At the same time, it made me sad that the women in Beauty Is a Wound are so uniformly depicted as irrational and cruel.  I was reminded again and again of Scott Aaronson’s blog comment describing the way that geek culture often fears and reviles women for being sufficiently beautiful to invoke desire:

scott6-smHere’s the thing: I spent my formative years — basically, from the age of 12 until my mid-20s — feeling not “entitled,” not “privileged,” but terrified.  I was terrified that one of my female classmates would somehow find out that I sexually desired her, and that the instant she did, I would be scorned, laughed at, called a creep and a weirdo, maybe even expelled from school or sent to prison.
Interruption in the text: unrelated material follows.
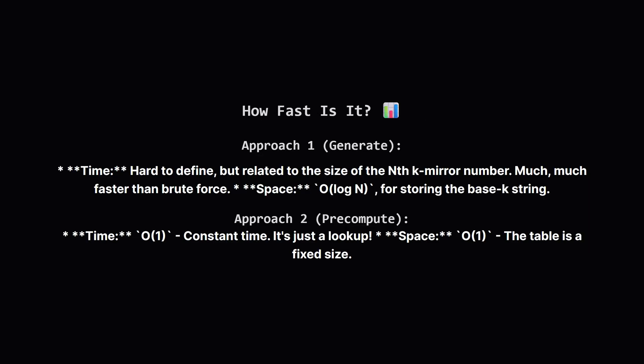So how do our two methods compare in terms of efficiency? The first approach, where we generate the palindromes, is much faster than brute force. Its speed depends on how large the numbers we need to find are. The memory it uses is pretty small, just enough to hold the number as a string in base k. The second approach, the pre-computation trick, is unbeatable. At runtime it's big O of 1, or constant time. It doesn't matter what k or n are, it takes the same tiny amount of time to just look up the answer. The space is also constant because our table of answers never changes in size.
Aaronson’s case might be extreme because he began college so young, but I think the general psychological progression is pretty common amongst geeky, nervous males: desire women, fear women, dislike women.  The misogyny of geek culture seems to be rooted in the expectation that women will be cruel.

Kurniawan depicts that same feared cruelty.  This wouldn’t have seemed so odd had it come from a single character — some people are cruelbut almost every female character seems beset by similar motivations.  It’s stated most explicitly when Almanda is crushing geek dreams:

kapowEach would grow more confident, feeling like the handsomest guy on earth, like the kindest man in the universe with the best hair on the planet, and convinced by all of this at the first opportunity that arose they would speak up or send a letter spewing their prehistoric pent-up desires: Alamanda, I love you.  That was the best time to destroy a man, to shake him up, to tear his heart to pieces, the best opportunity to show a woman’s superiority, so Alamanda would say, I do not love you.

“I like men,” Alamanda said once, “but I like to see them cry from heartbreak even more.”

(It’s also unsettling that she is later “tamed” by methods prescribed by jerktastic pick-up guides like Neil Strauss’s The Game.  Alamanda rejects everyone until a character “negs” her, then she finds him irresistible.)

While I appreciate that Kurniawan is so passionate about the dire straights of women, it’s a shame that misogyny is so pervasive that it inflects even books written in defense of women.  I just began reading Franzen’s Purity, for instance, and it already bothers me how frequently Pip, a twenty-something year old woman, is referred to as “girl.”  Again, this isn’t necessarily Franzen’s fault, it’s pervasive — consider Flo, the Progressive Insurance “girl.”

Calling an adult male “boy” is noticed to be demeaning by most people, but “girl” is (still!) used so routinely that it can slip by unnoticed.  Even though it shouldn’t.  That sort of language helps perpetuate our misogynistic culture.

I don’t know much about how woman are treated in Indonesia, but judging from Kurniawan’s book the situation seems to be just as bad as here, or worse.  Which obviously saddens me from the perspective of someone who cares about social justice.  But it affects me as a reader, too.  If Kurniawan had been immersed in a culture that talked about & treated women respectfully, I bet he’d have written something I’d really enjoy.